GAO found a wide range in the extent of new transit-oriented development that has occurred since transit operations began for GAO's six federally funded case-study transit projects. There are many examples of new transit-oriented development in San Francisco, CA; Washington, DC; and Charlotte, NC, that local officials attribute—at least in part—to transit in the area. However, in other cities GAO visited, local officials said that there has been very little development around transit stations—or that development took as long as 10 years. Stakeholders in these cities attributed transit-oriented development, or lack thereof, near the projects selected to the influence of several factors, including:

  • conditions that support transit-oriented development, such as demand for nearby real estate, land available to develop, residents' support, and a transit system that provides a direct and efficient connection to jobs;
  • challenges that hinder transit-oriented development, such as high associated costs, difficulty in obtaining financing, a difficult local-government review and approval process, an unsupportive local population, and a physical configuration around transit stations unattractive for development; and
  • local government policies that support transit-oriented development, such as supportive zoning, planning, infrastructure investments, and tax incentives.

The Federal Transit Administration (FTA) assesses projects for potential New Starts funding by evaluating several of the factors and local government policies GAO identified as supporting transit-oriented development on a five-point scale ranging from low to high. FTA evaluates access to jobs, available land, and transit-supportive plans and polices—among other things—in assessing each project for economic development and land use, which are two evaluation criteria FTA uses to determine whether a project will be funded. Among four case study projects GAO visited that were assessed by FTA for New Starts, two scored medium-high or better, while two scored medium-low or lower. GAO found that many of the factors or local government policies that supported or hindered transit-oriented development are generally consistent with FTA's summary assessment for economic development and land use. Further, GAO found two projects where transit-oriented development resulted in increased ridership, while projects with less transit-oriented development have fewer riders than expected.

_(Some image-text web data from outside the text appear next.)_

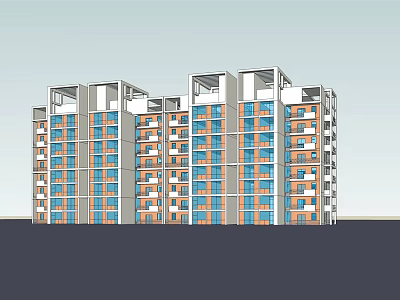 Modern Multi Story Residential Building With Orange Blue Exterior And White Balconies 3d model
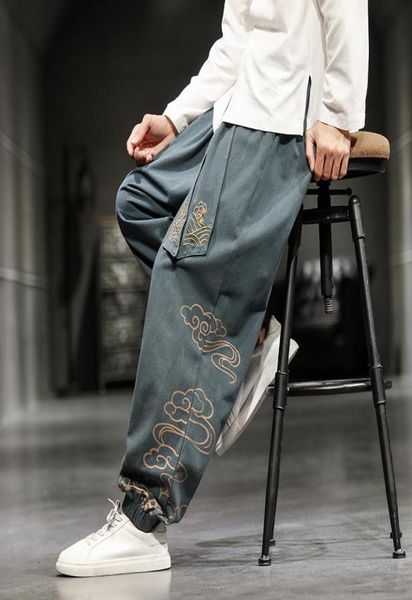 

men039s pants 2021 oversize wied leg harajuku cotton linen casual trousers male embroidery men jogging sweatpants streetwear4715515, Black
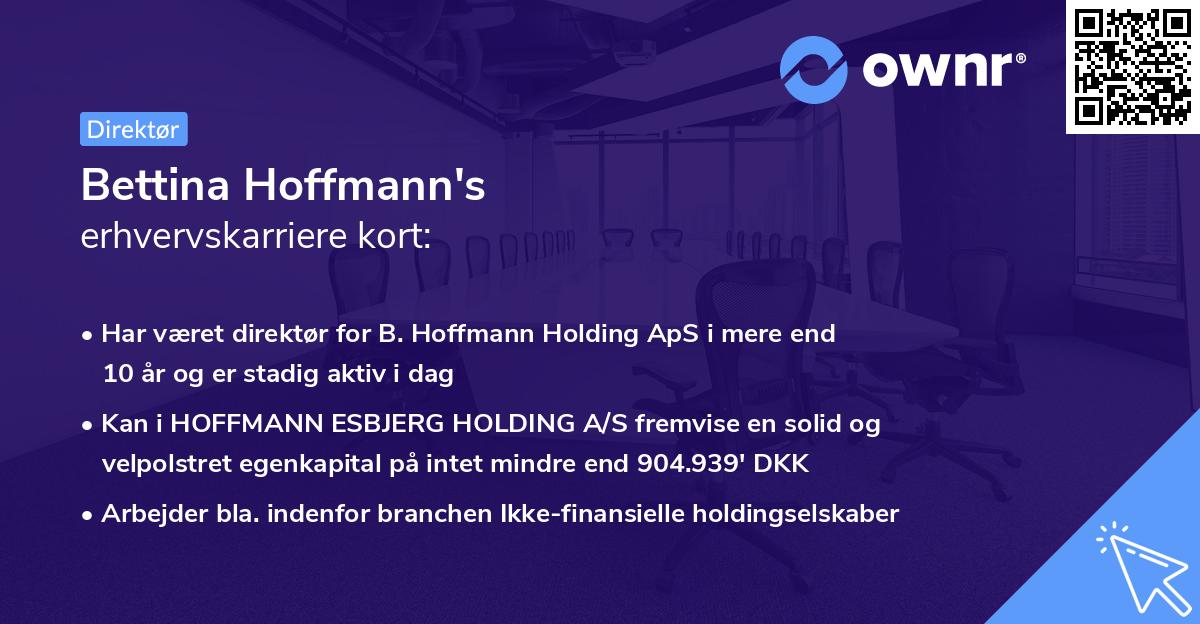 Bettina Hoffmann's erhvervskarriere kort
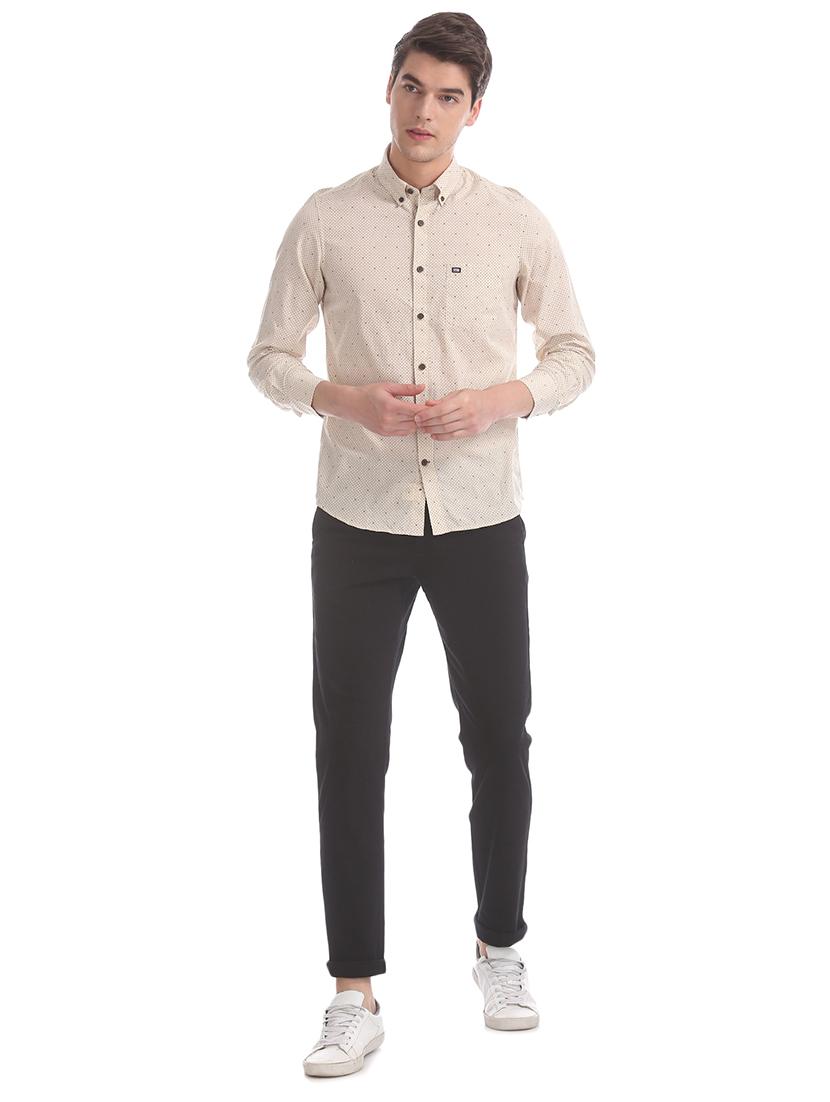 beige printed casual shirt - 17616672 - Zoom Image - 4
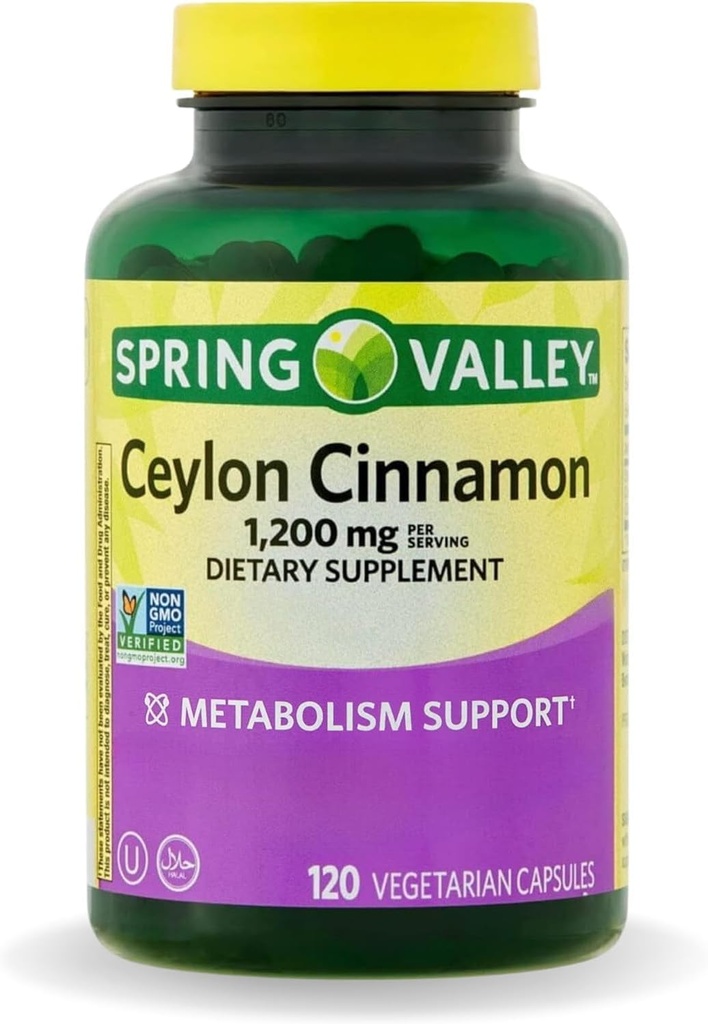 Cápsulas de Cinnamon de Ceilão de Spring Valley 1200 mg Cápsulas, Metabolismo de Suporte * 120 Count * Comprimidos Não-GMO e Glúten (Pacote de 1)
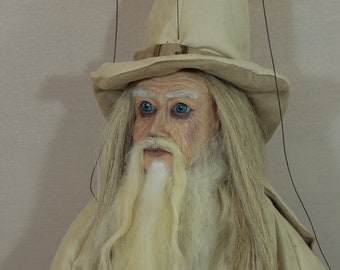 marionette White Wizard marioneta puppet ooak artdoll títere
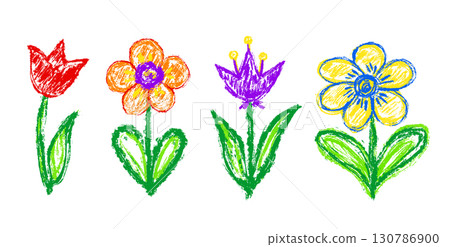 Chalk drawing of four colorful flowers with simple shapes and playful style. Hand drawn crayon scribble illustration with bright and cheerful mood. Chalk drawing of four colorful flowers with simple shapes and playful style. Hand drawn crayon scribble illustration with bright and cheerful mood. 130786900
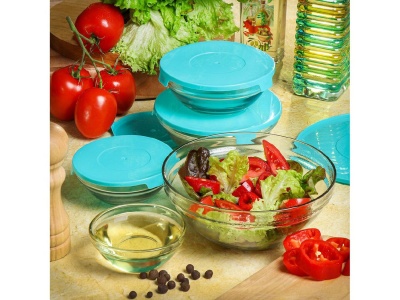Набор салатников стекло Daniks 5шт (150мл, 210мл, 350мл, 510мл, 920мл) с бирюзовыми крышками  - фото в Миди Лтд Изображение товара Набор салатников стекло Daniks 5шт (150мл, 210мл, 350мл, 510мл, 920мл) с бирюзовыми крышками  в Миди Лтд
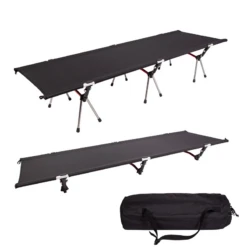 Camp Leader High Collapsible Camp Bed - Black -Montanic Sale Store CL45 BL 04
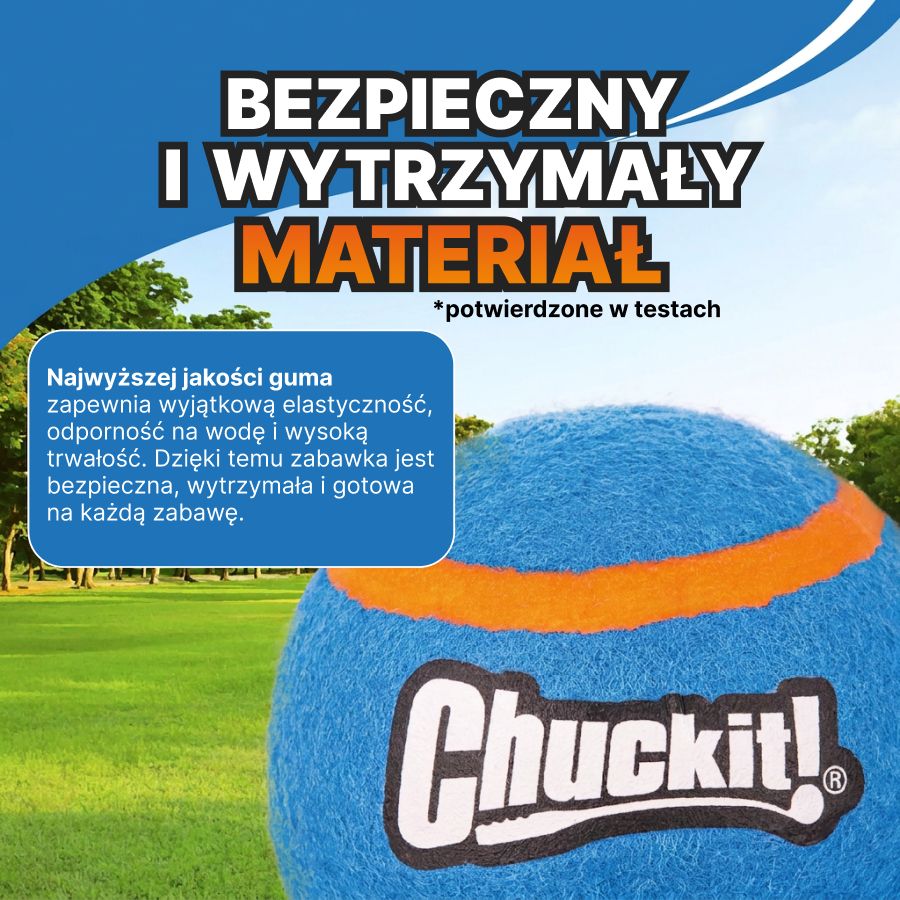 ChuckIt! Zestaw 2 piłek tenisowych z piszczałką dla psa | Trening i zabawa | Niebiesko-pomarańczowe, rozmiar M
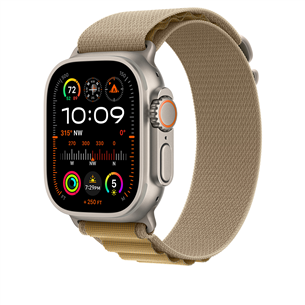 Apple Watch Alpine Loop, 49 мм, Medium, титан, коричневый - Ремешок для часов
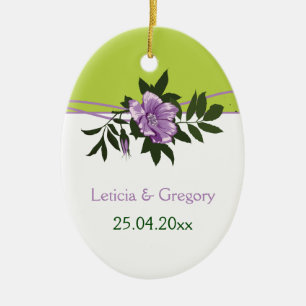 Wilde violette Rose Blumenzwiebelsaft Keramik Ornament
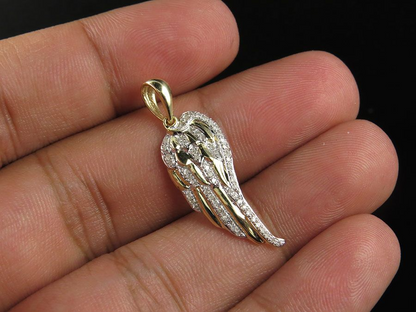 10K Yellow Gold Lab Grown Diamond Single Angel Wing Diamond Pendant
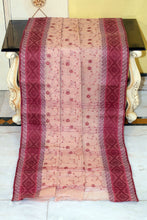 Bengal Handloom Cotton Saree with Floral Jaal Embroidery Work in Beige and Maroon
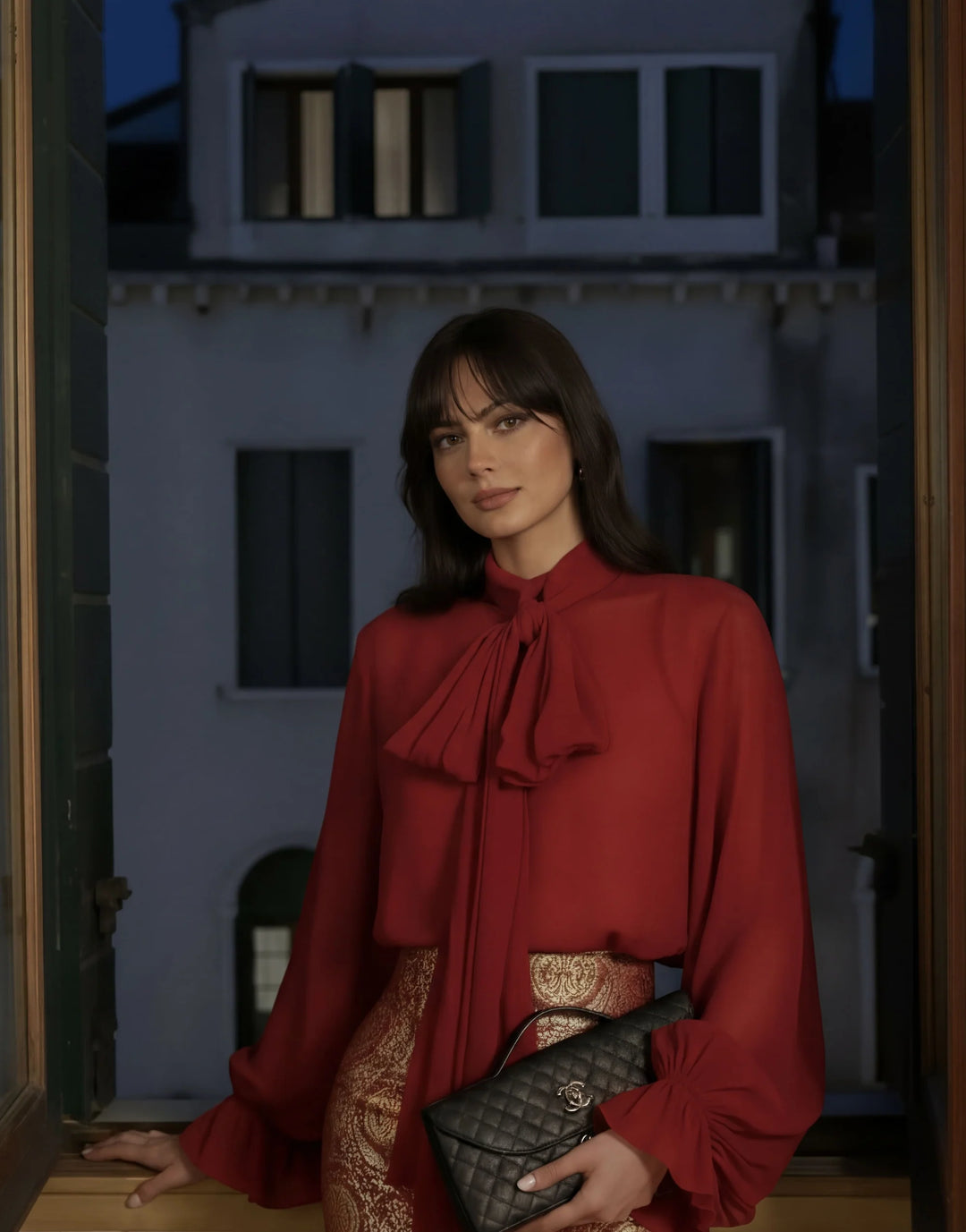 Monroe Red Georgette Blouse | Duchess Kumari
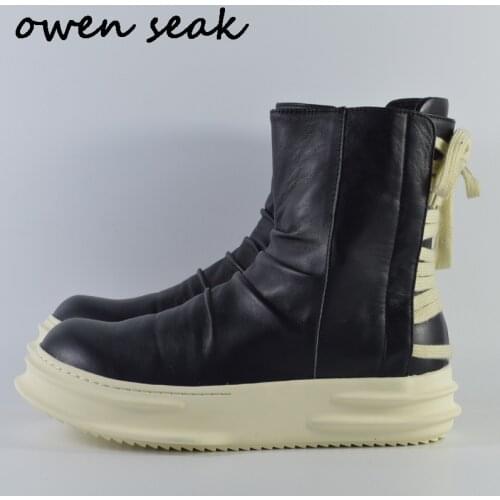 2018 New Owen Seak Women Shoes High-TOP Ankle Boots Genuine Leather Sneaker Luxury Trainers Casual Lace-up Zip Flat Black Shoes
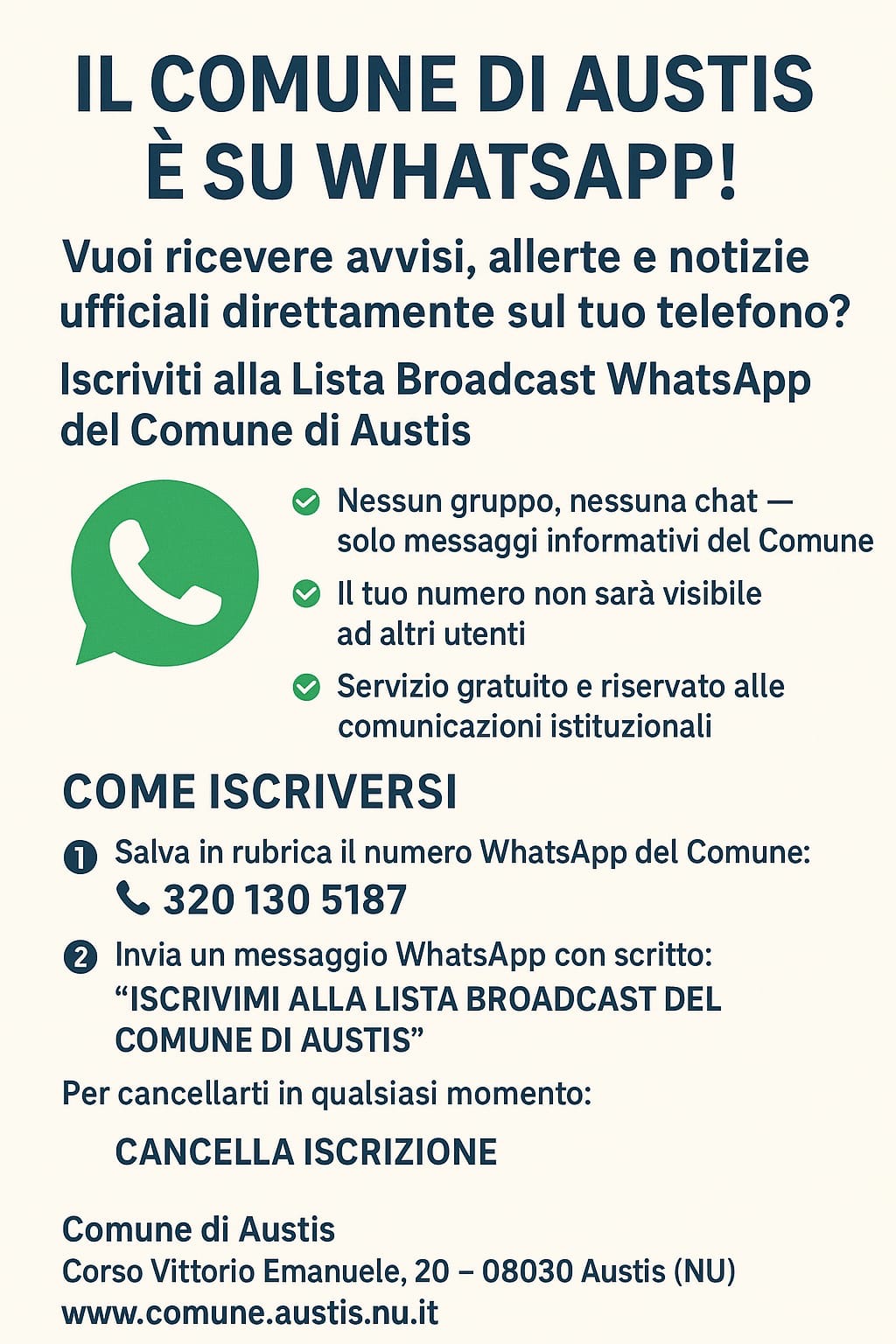 Servizio di messaggistica broadcast del Comune con WhatsApp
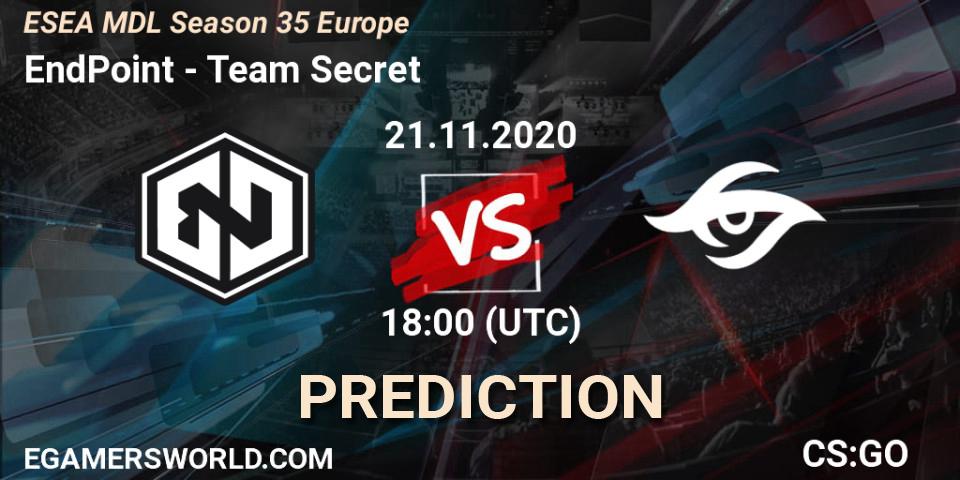 EndPoint vs Team Secret: Match Prediction. 21.11.2020 at 18:00, Counter-Strike (CS2), ESEA MDL Season 35 Europe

Transit-Oriented Development, Columbia Heights Station, Washington, DC

Transit-Oriented Development, Columbia Heights Station, Washington, DC

Why GAO Did This Study

From 2004 to 2014, FTA allocated $18.9 billion to build new or expanded transit systems through the Capital Investment Grant program. One of the key goals for many local governments when planning major capital-transit projects is to encourage transit-oriented development as a way to focus future regional population growth along transit corridors. Transit-oriented development is generally described as a compact and “walkable” neighborhood near transit with a mix of residential and commercial uses.

GAO was asked to examine transit-oriented development. This report addresses (1) the extent to which transit-oriented development has occurred near select transit lines that received federal funds and the factors and local policies that affect transit-oriented development, and (2) the extent to which FTA considers factors related to the potential for transit-oriented development when assessing proposed projects and the extent to which FTA's assessment of these factors is consistent with the factors that local stakeholders told GAO affect a project's results. To address these issues, GAO reviewed relevant literature and visited six federally funded case study transit projects in Baltimore, MD; Washington, DC; Charlotte, NC; Santa Clara County, CA; San Francisco, CA; and Houston, TX, selected for diversity in local programs, markets, and geography. During these visits, GAO met with stakeholders, such as local officials and developers. GAO also interviewed FTA officials. In commenting on a draft of this report, DOT noted FTA's long-standing commitment to encourage transit-oriented development.